On February 7, 2012, the Internal Revenue Service (IRS) published proposed regulations to implement the Affordable Care Act’s (ACA) 2.3% excise tax on the sale price of medical devices sold by the manufacturer, producer, or importer of the device after December 31, 2012. The ACA defines a taxable medical device as any device (as defined in section 201(h) of the Federal Food, Drug, and Cosmetic Act) that is intended for humans and is listed as a medical device with FDA (or should have been listed) by a registered medical device establishment excluding eyeglasses, contact lenses, hearing aids, and any other medical device of a type that is generally purchased by the general public at retail for individual use. The proposed regulations set forth the IRS’s interpretation of key elements of the excise tax, including the retail exemption.

Additional details are available after the jump.

In brief, under the proposed regulations, a device is considered to be of a type generally purchased by the general public at retail for individual use if: (i) the device is regularly available for purchase and use by individual consumers who are not medical professionals, and (ii) the device’s design demonstrates that it is not primarily intended for use in a medical institution or office, or by medical professionals. The proposed regulations provide a set of non-exclusive factors for use in evaluating whether a taxable medical device qualifies for the retail exemption, as well as a safe harbor provision identifying certain categories of taxable medical devices determined to fall within the retail exemption. The safe harbor includes: (1) devices that are identified in the FDA’s IVD Home Use Lab Tests (over-the-counter, or OTC, tests) database; (2) devices described as OTC devices in the relevant FDA classification regulation heading; (3) devices that are described as OTC devices in the FDA’s product code name, device classification name, or the classification name field in the FDA’s device registration and listing database; and (4) certain devices that qualify as durable medical equipment, prosthetics, orthotics and supplies (DMEPOS) for which payment is available on a purchase basis under Medicare Part B payment rules in accordance with the fee schedule published by the Centers for Medicare & Medicaid Services (CMS).

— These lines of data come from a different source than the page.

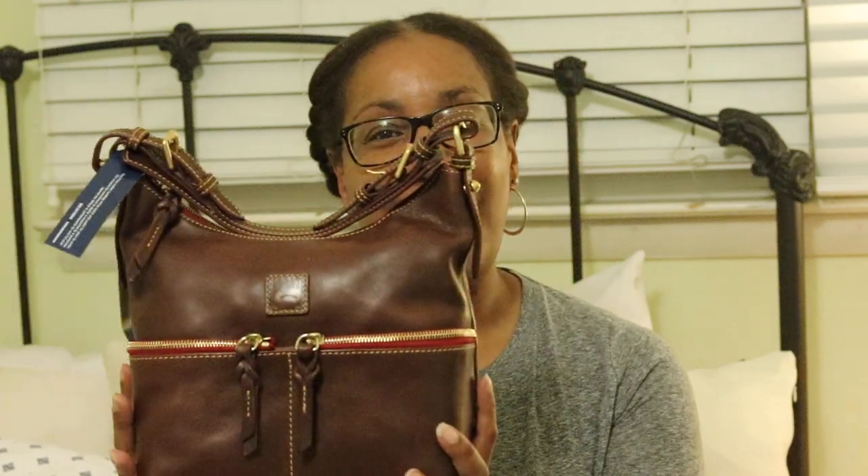So today I am doing a reveal on a Dooney and Bourke bag. Even though I haven't been doing videos, I still have been purchasing bags, so I have a lot of bags to get through. What I'm going to talk about today is the Dooney and Bourke small zipper sack done in Florentine leather — the color is chestnut.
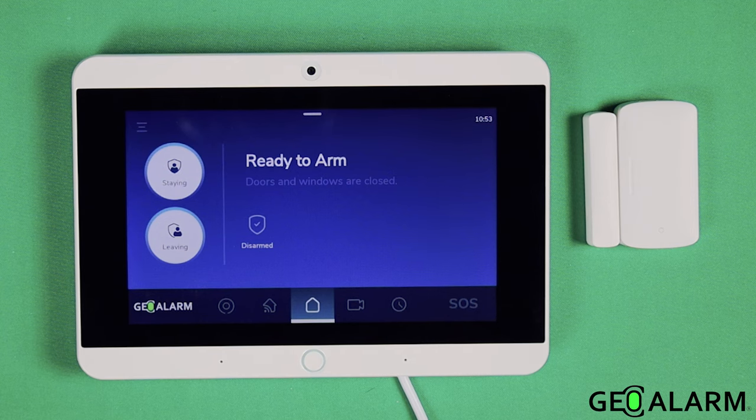All right, ladies and gentlemen, this is Drew with GeoArm Security here to show you how to program the GeoCT wireless door window contact into the GeoAlarm system. This is a very easy process to do — it actually walks you through right on our GeoAlarm panel exactly how to enroll this device.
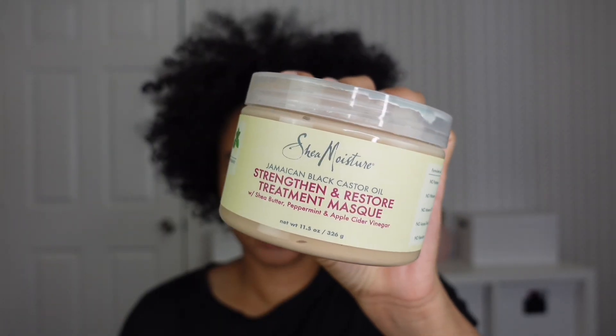I'm using Shea Moisture's Jamaican Black Castor Oil Strengthen and Restore Treatment Mask. This is one of my all-time favorites, so I'm just going to go ahead and work that through all of my hair. This mask always leaves my hair very moisturized — I've been using this one for years. I like to switch up my products from time to time, but this one right here is one I can always fall back on.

The preamble to the proposed regulations also addresses the application of the excise tax to certain specific circumstances, including dual use devices, investigational devices, veterinary devices, and dental instruments. Existing rules governing manufacturer excise taxes, including exemptions for use by the purchaser for further manufacture, or for resale by the purchaser to a second purchaser for use by the second purchaser for further manufacture; and for export, generally will apply to this excise tax, subject to certain exceptions. The preamble to the proposed regulations discusses how these general rules will be applied to medical devices, including guidance on the meaning of manufacturer, importer, taxable event, and sales price. The IRS also addresses in the preamble a number of other issues raised by public comments submitted prior to the rulemaking, including classification of “convenience kits,” associated devices and components of devices, combination products, and medical software. Comments will be accepted until May 7, 2012. The notice of proposed rulemaking also includes a notice of a public hearing on the proposed regulations to be held on May 16, 2012.